Due to report of human rights abuse, some United States lawmakers have stopped the plans of the US govt to sell fighter jets and ammunitions to Nigerian government.
The ammunition comprises of 28 helicopter engines produced by GE Aviation, 14 military-grade aircraft navigation systems made by Honeywell, and 2,000 advanced precision kill weapon systems—laser-guided rocket munitions, according to a report by Foreign Policy.
It was gathered that top Democrat and Republican on the Senate foreign relations committee have delayed clearing a proposed sale of 12 AH-1 Cobra attack helicopters and accompanying defence systems to the Nigerian military.
There have accusations of human rights abuses against of Nigerians by the Nigerian government in the United Nations during the #EndSARS demonstrations and against certain religious sects.

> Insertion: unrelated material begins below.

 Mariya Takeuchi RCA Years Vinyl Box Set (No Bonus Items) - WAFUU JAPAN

Officials familiar with the matter said the details on the proposed sale were first sent by the US State Department to Congress in January before Biden was inaugurated as president.
“Some experts said the United States should hit the pause button on major defense sales until it makes a broader assessment of the extent to which corruption and mismanagement hobble the Nigerian military and whether the military is doing enough to minimize civilian casualties in its campaign against Boko Haram and other violent insurrectionists,’’ the report said.

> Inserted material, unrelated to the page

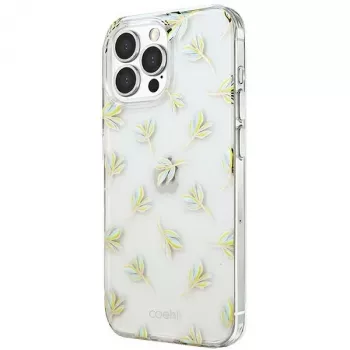 UNIQ Coehl Fleur ovitek za iPhone 13 Pro Max 6,7 inch nebesno moder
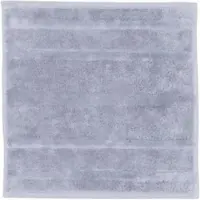 Cawö Gesichtshandtuch Noblesse2 Uni Nordic Blue (6er Set)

“There doesn’t have to be a reason why we don’t provide weapons or equipment to the Nigerian military,” said Judd Devermont, director of the Africa programme at the Center for Strategic and International Studies, a think tank.
“But it has to be done with an assessment of how it will actually, one, change the direction of conflict in Nigeria, and, two, that they will use it consistent with our laws. In both cases, it’s either a question mark or a fail.”
“There is a culture of impunity that exists around abuses by the military,” said Anietie Ewang, the Nigeria researcher at Human Rights Watch.